That tremendous waste of resources known as the "Homeland Security Advisory System," a color-coded chart letting you know how many times you will be murdered by a terrorist today, is finally being phased out by the Obama administration. It's a sad day for fear. That chart may look like the keys on a toddler's xylophone, but it's served honorably for a decade in the federal government, even if its job, like that of many federal employees, is pretty pointless. Let's hope the terror alert chart gets a good government pension and finds a nice part-time defensive consulting gig somewhere. So the Obama administration has come to realize how pointless it was to spend everyone's time and money on this sort of thing, right? No, they're just making a new one.
It'll be like the Emergency Broadcast System we've had since the 1950s, only with less "tests" and more "omfg, your area is about to die."
Yes but for me EBS always beeps in with a lousy test during Jeopardy, when I'm finally going to find out which Babylonian ruler famously gave twenty goats to his lover's brother's cousin-twice-removed's enemy in 438 BCE. "Who is....." **BEEP** Fucking always happens man.
Too bad.
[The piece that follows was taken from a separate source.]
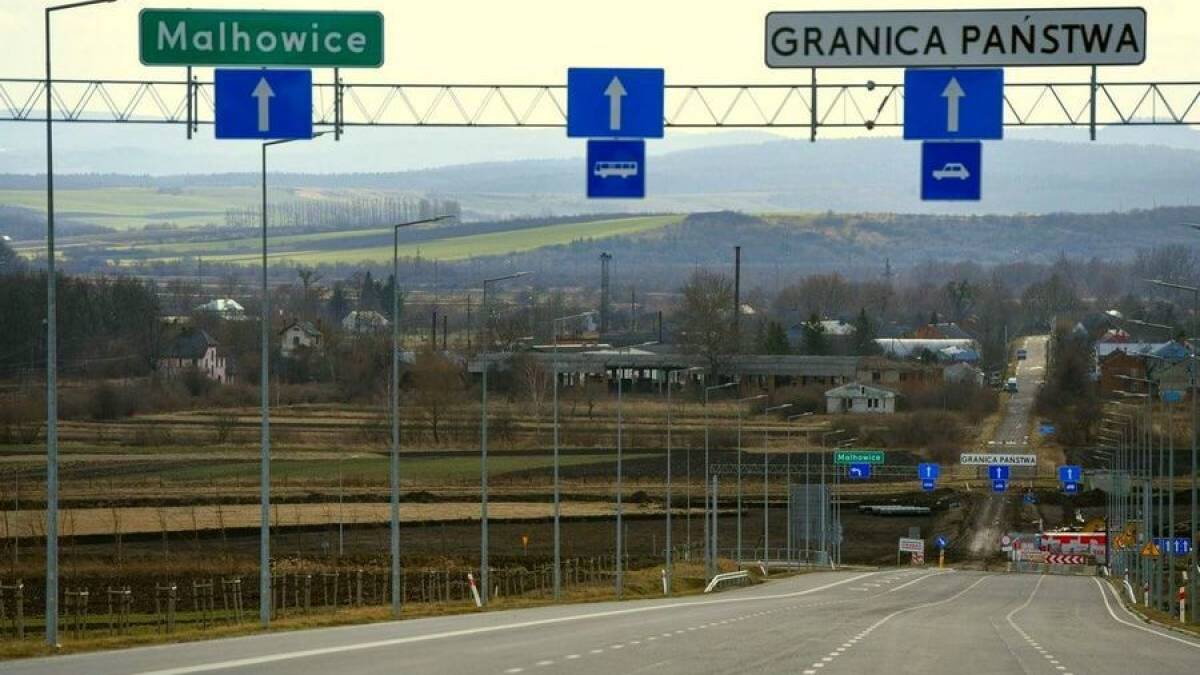 Західні пункти пропуску станом на 9.00 (на виїзд – 120 автівок, 35 автобусів та 70 пішоходів: де найбільші черги)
That "Boehner in Charge" level was suddenly useful.
It'll be like the Emergency Broadcast System we've had since the 1950s, only with less "tests" and more "omfg, your area is about to die."
Yes but for me EBS always beeps in with a lousy test during Jeopardy, when I'm finally going to find out which Babylonian ruler famously gave twenty goats to his lover's brother's cousin-twice-removed's enemy in 438 BCE. "Who is....." **BEEP** Fucking always happens man.
Don't throw them away. Just tell people you're dispaying the various threat levels of the war on Christmas.
This is good news for all of the color blind people in America.